TRY IT:
What you give back should be exactly the lines from the one with "Promise3:お客様、仲間への感謝あふれる会社創り" through the end of the data, without the pictures.

<<<<

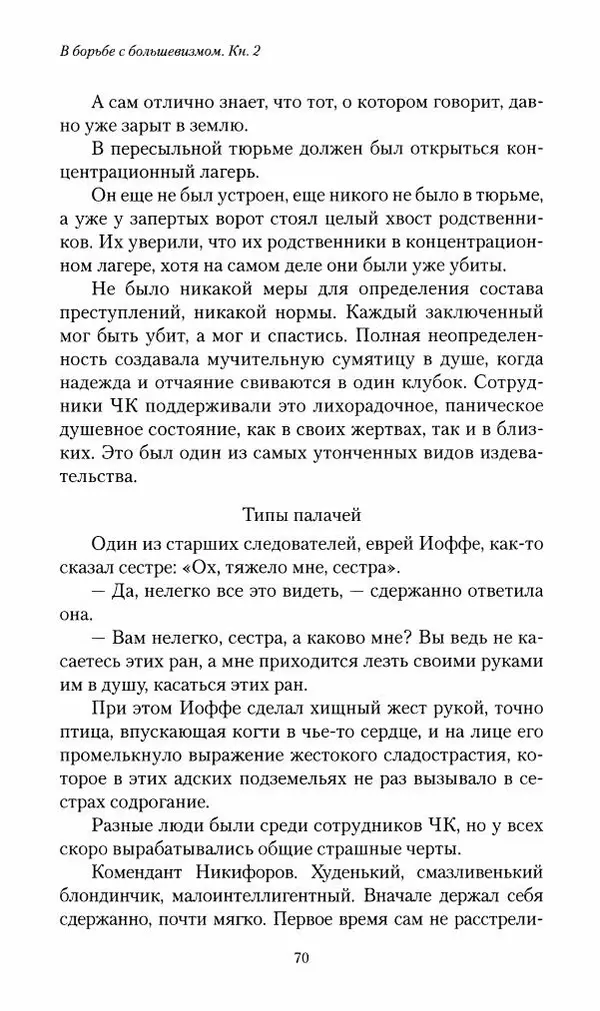 П. Бермондт-Авалов - В борьбе с большевизмом. Книга 2 - Страница № 71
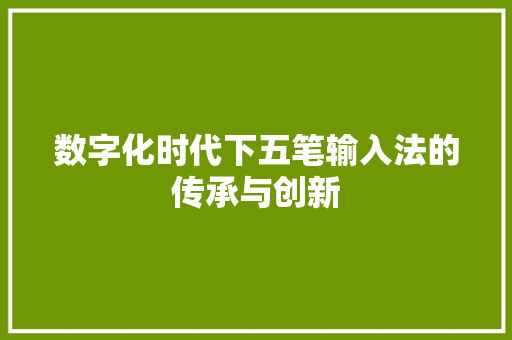 数字化时代下五笔输入法的传承与创新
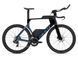 Купити Велосипед Giant Trinity&nbsp;Advanced&nbsp;SL&nbsp;2&nbsp;карбон/син Dragonfly M з доставкою по Україні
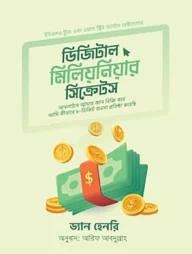 ডিজিটাল মিলিয়নিয়ার সিক্রেটস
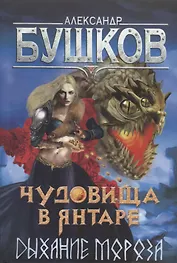 Чудовища в янтаре. Дыхание мороза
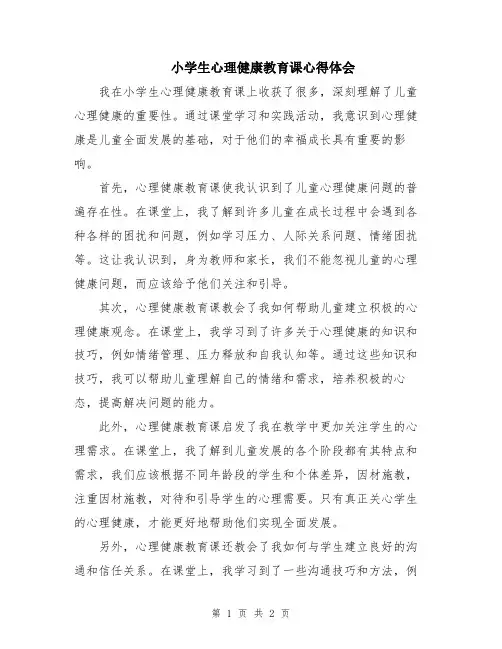 小学生心理健康教育课心得体会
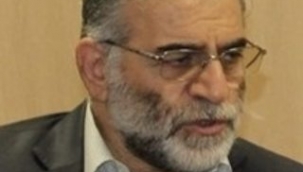 Abdullah Utaybi: Muhsin Fahrizade Sihir ve sihirbaz 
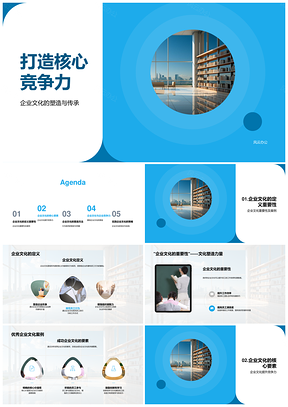 企业文化传承核心价值观塑造核心竞争力PPT模板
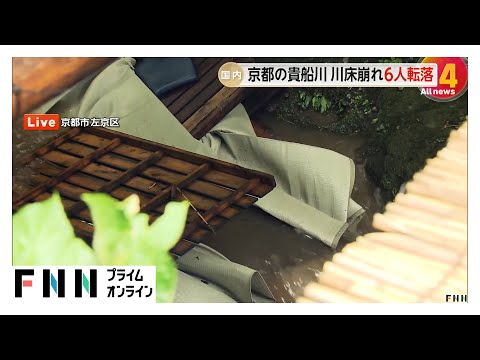 貴船川沿いの「川床」が崩れて客6人が転落　70代女性が自力で上がれず従業員が救助　雨の影響で川が増水　京都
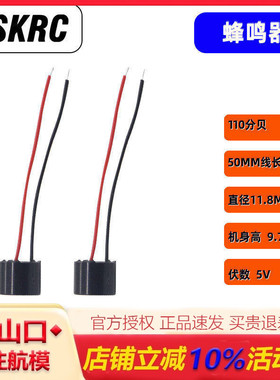 穿越机  F3 F4 F722 AIO飞控用 迷你 5V  有源 蜂鸣器 BB响 带线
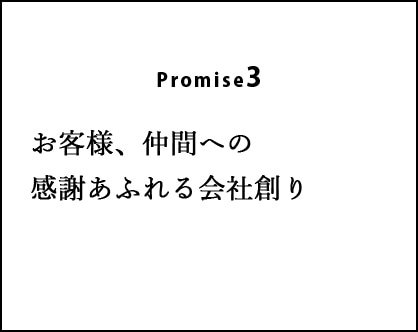 Promise3:お客様、仲間への感謝あふれる会社創り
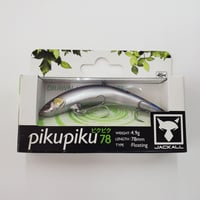 ザウルス/バルサ50 ラージマウス ビッグ | ps.kizuの中古釣具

>>>>

TASK SOLUTION:
 Promise3:お客様、仲間への感謝あふれる会社創り
 ザウルス/バルサ50 ラージマウス ビッグ | ps.kizuの中古釣具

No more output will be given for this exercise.